> Exercise prompt: Reproduce exactly only the lines from the line that holds "dufatcock online show from 04-15-26, 12:21" to the line that holds "15 Bangalow Circuit - Image 3", inclusive, in the listing below, and please leave out every picture.

> Extracted entries:
Start of Block

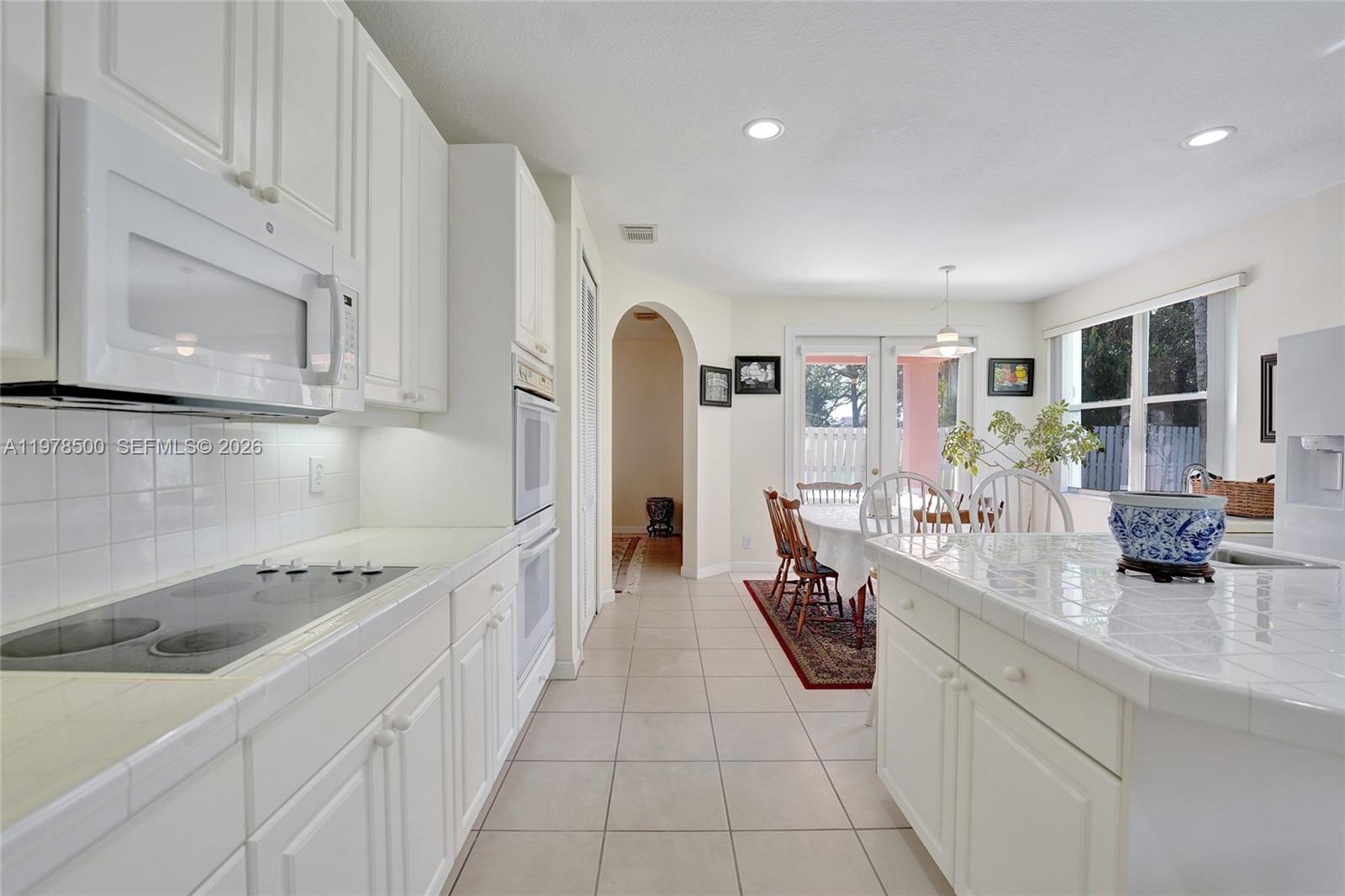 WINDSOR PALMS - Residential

End of Block
Start of Block

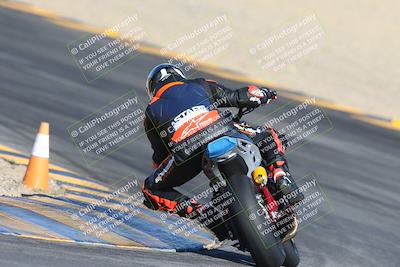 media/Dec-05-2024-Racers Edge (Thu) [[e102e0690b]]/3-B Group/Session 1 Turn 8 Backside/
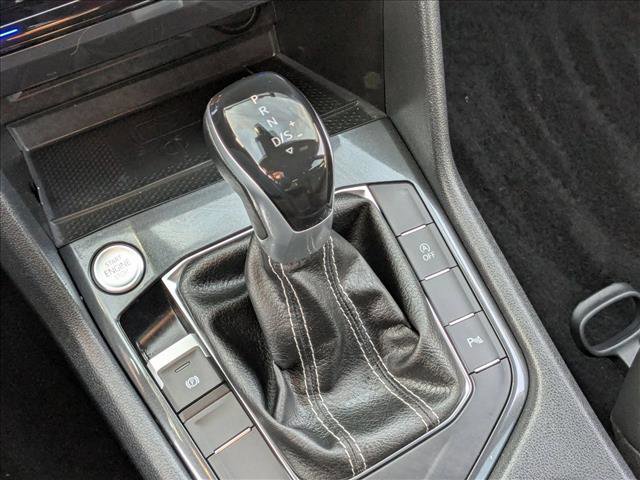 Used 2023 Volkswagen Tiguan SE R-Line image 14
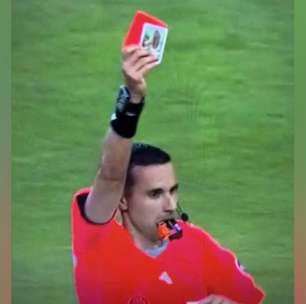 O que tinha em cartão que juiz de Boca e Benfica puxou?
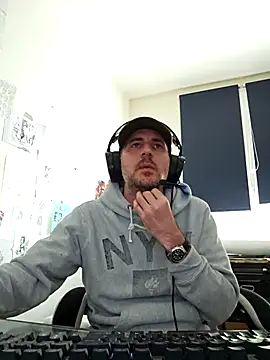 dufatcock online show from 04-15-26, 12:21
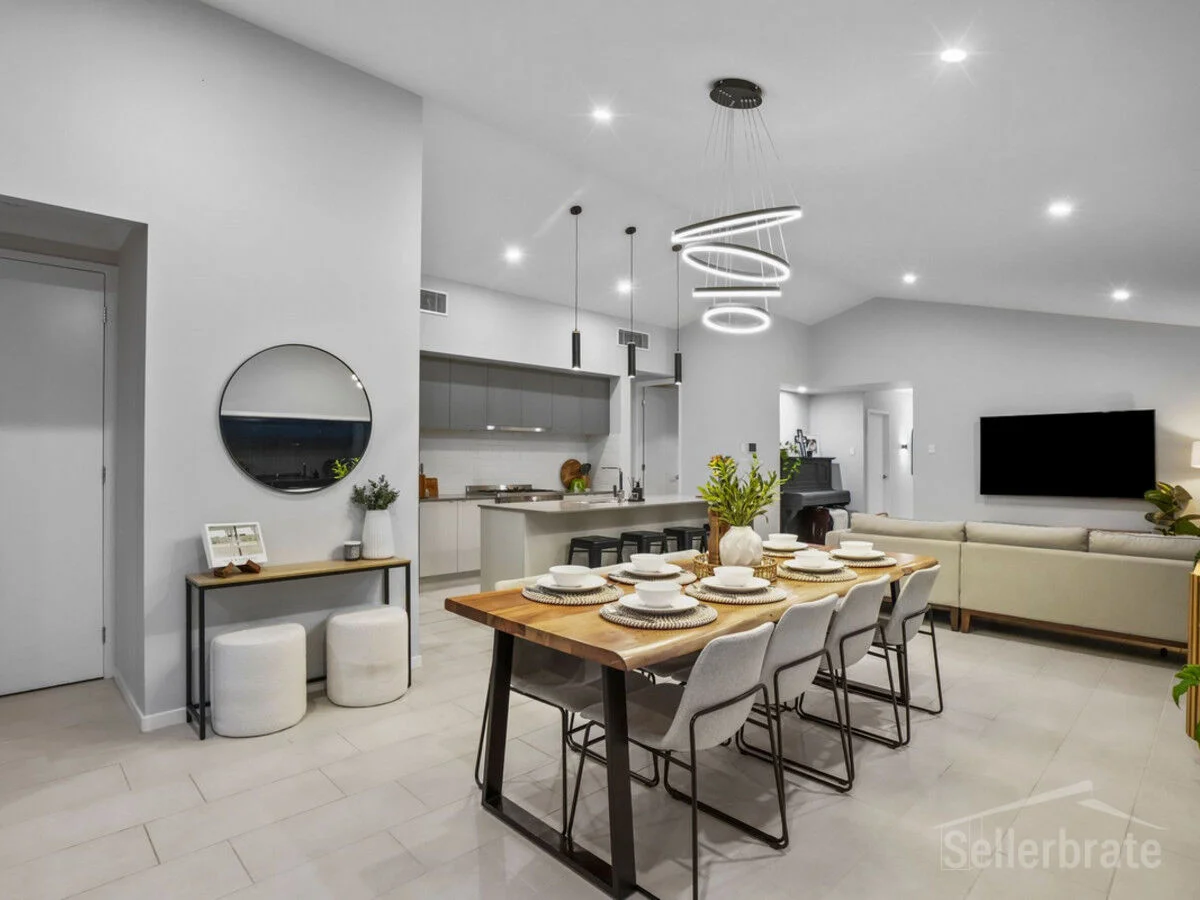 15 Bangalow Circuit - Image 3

End of Block

> Solution for this task:
 dufatcock online show from 04-15-26, 12:21
 15 Bangalow Circuit - Image 3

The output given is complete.